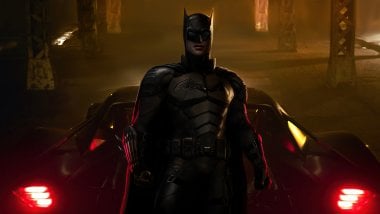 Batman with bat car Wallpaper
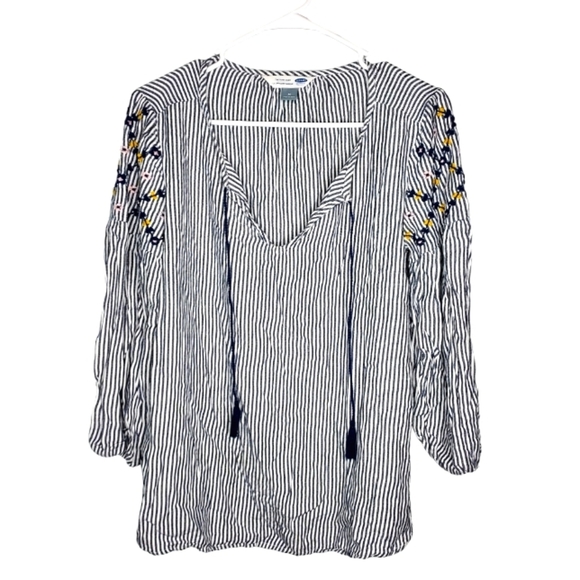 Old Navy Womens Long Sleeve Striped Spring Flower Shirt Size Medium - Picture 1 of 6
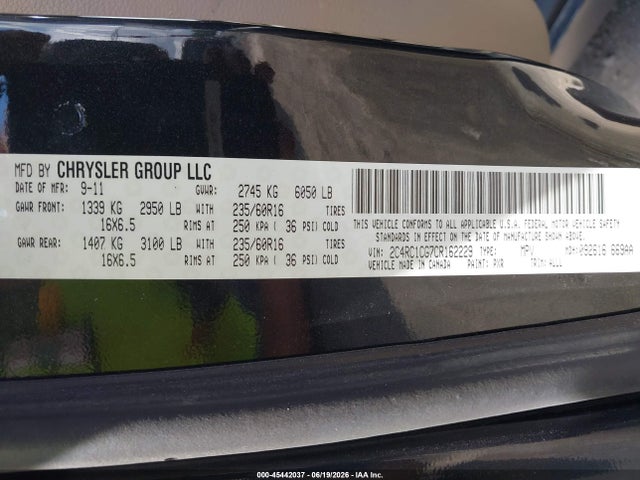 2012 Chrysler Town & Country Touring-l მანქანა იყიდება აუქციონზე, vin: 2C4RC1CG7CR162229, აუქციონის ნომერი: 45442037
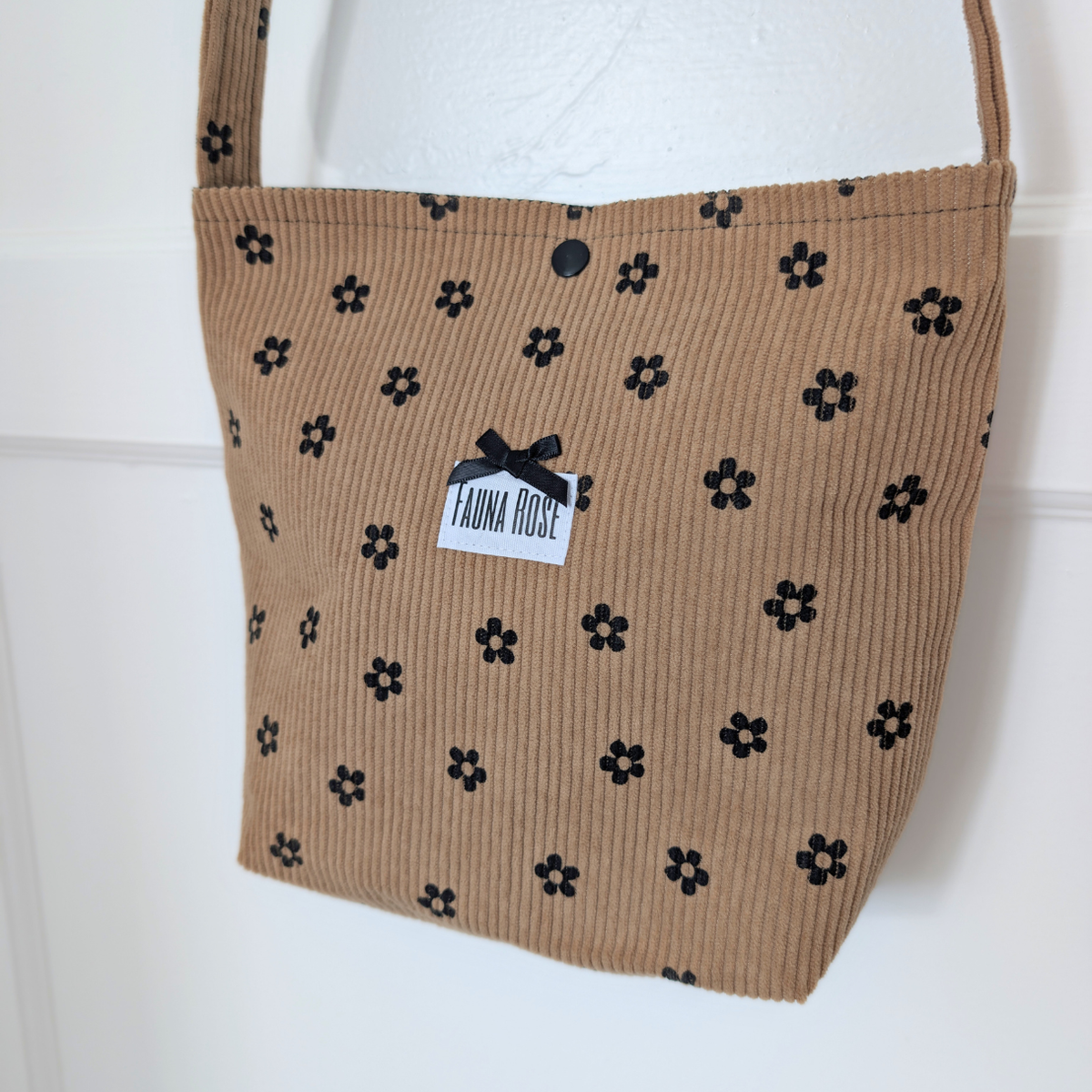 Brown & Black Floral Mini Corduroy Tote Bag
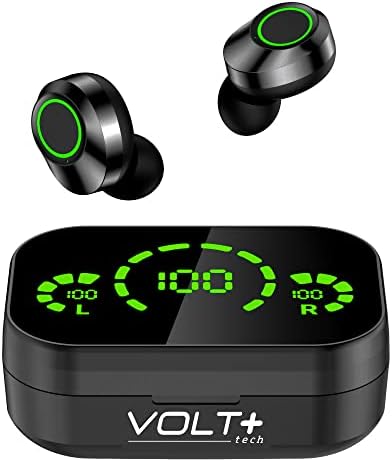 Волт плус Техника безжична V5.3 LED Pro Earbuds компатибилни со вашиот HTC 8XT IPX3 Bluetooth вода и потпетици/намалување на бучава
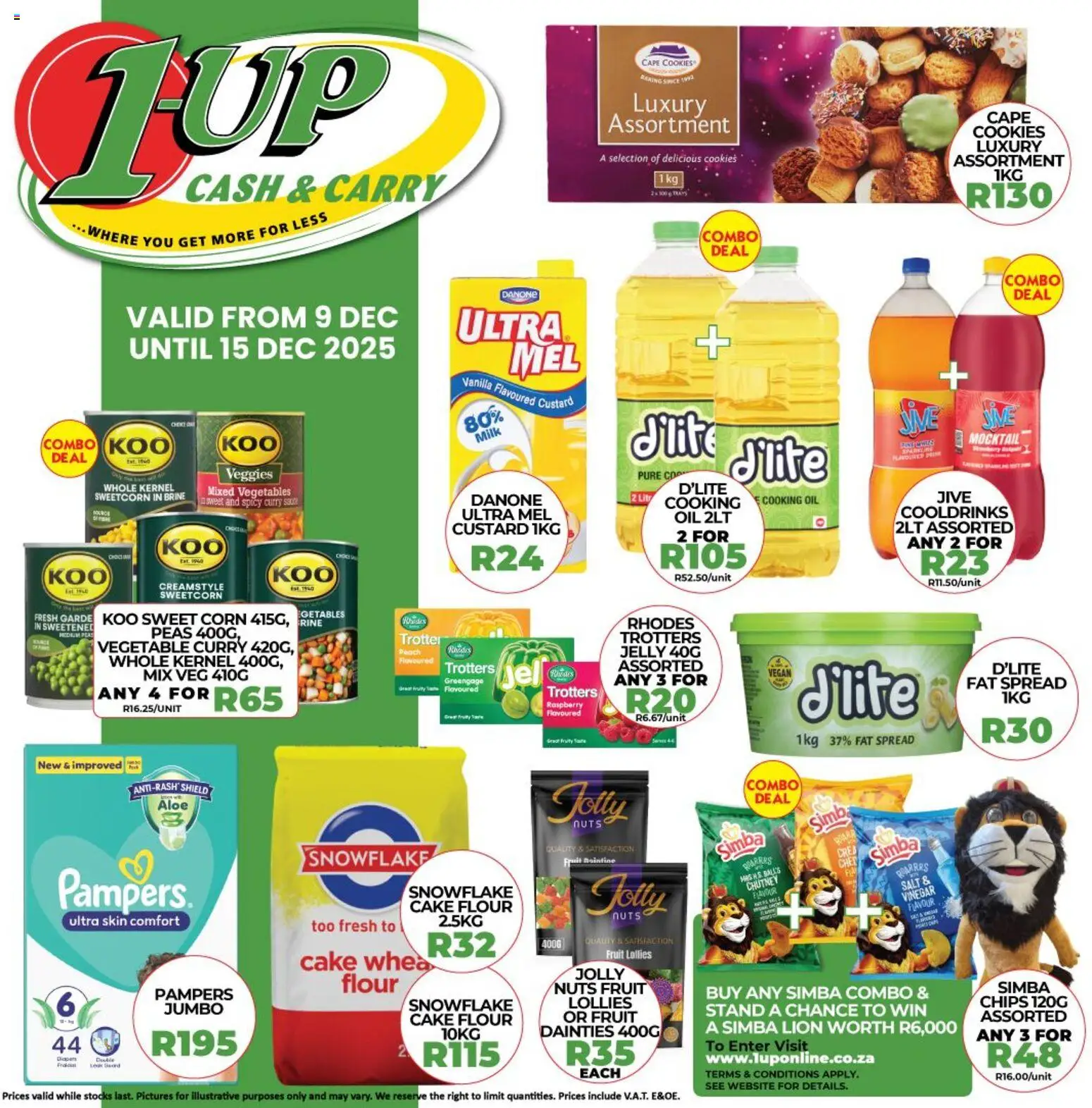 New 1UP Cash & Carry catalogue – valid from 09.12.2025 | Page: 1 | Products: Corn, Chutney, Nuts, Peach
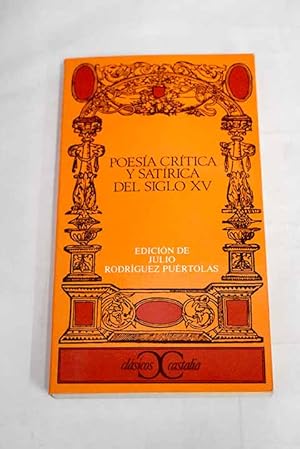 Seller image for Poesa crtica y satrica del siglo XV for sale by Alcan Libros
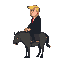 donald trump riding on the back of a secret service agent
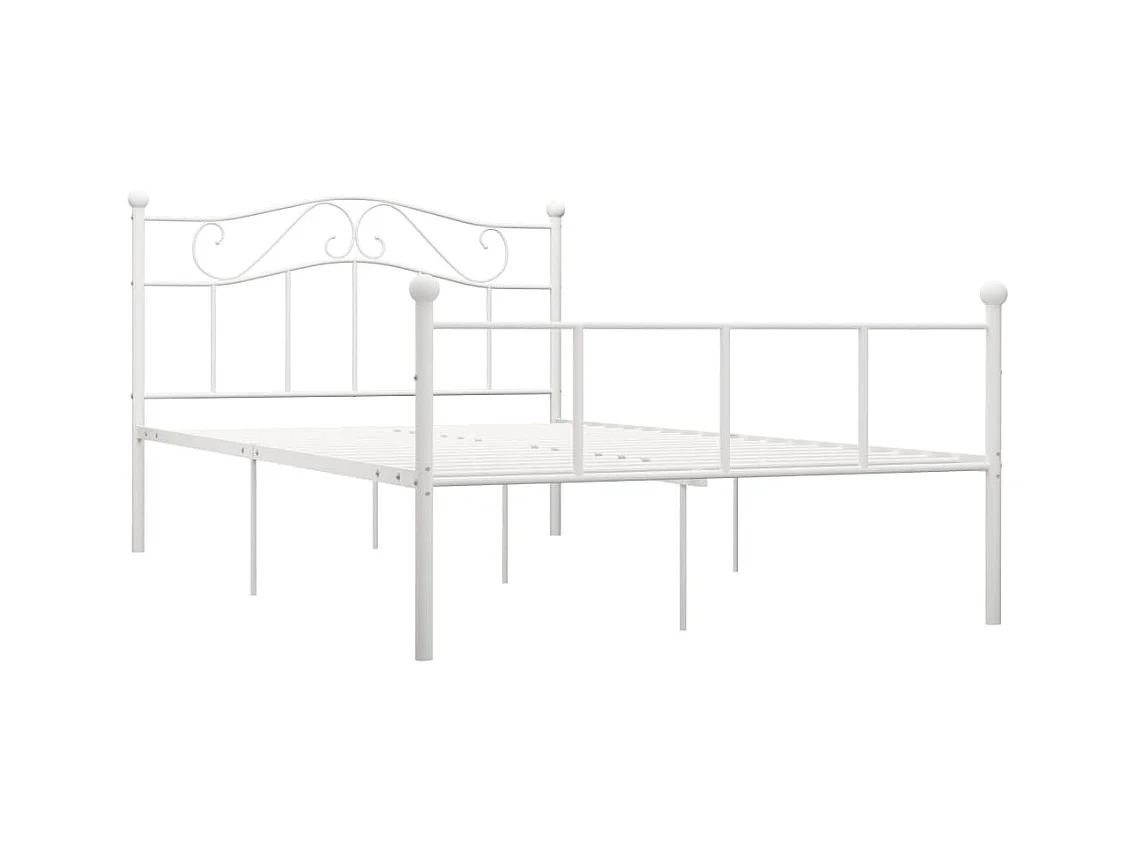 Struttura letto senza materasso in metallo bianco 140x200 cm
·····
Leave out the pictures and repeat exactly the lines from the first line of the data through the line containing "Brown & Black Floral Mini Corduroy Tote Bag". Add nothing else.

Exercise answer:
 Batman with bat car Wallpaper
 Old Navy Womens Long Sleeve Striped Spring Flower Shirt Size Medium - Picture 1 of 6
 2012 Chrysler Town & Country Touring-l მანქანა იყიდება აუქციონზე, vin: 2C4RC1CG7CR162229, აუქციონის ნომერი: 45442037
 Brown & Black Floral Mini Corduroy Tote Bag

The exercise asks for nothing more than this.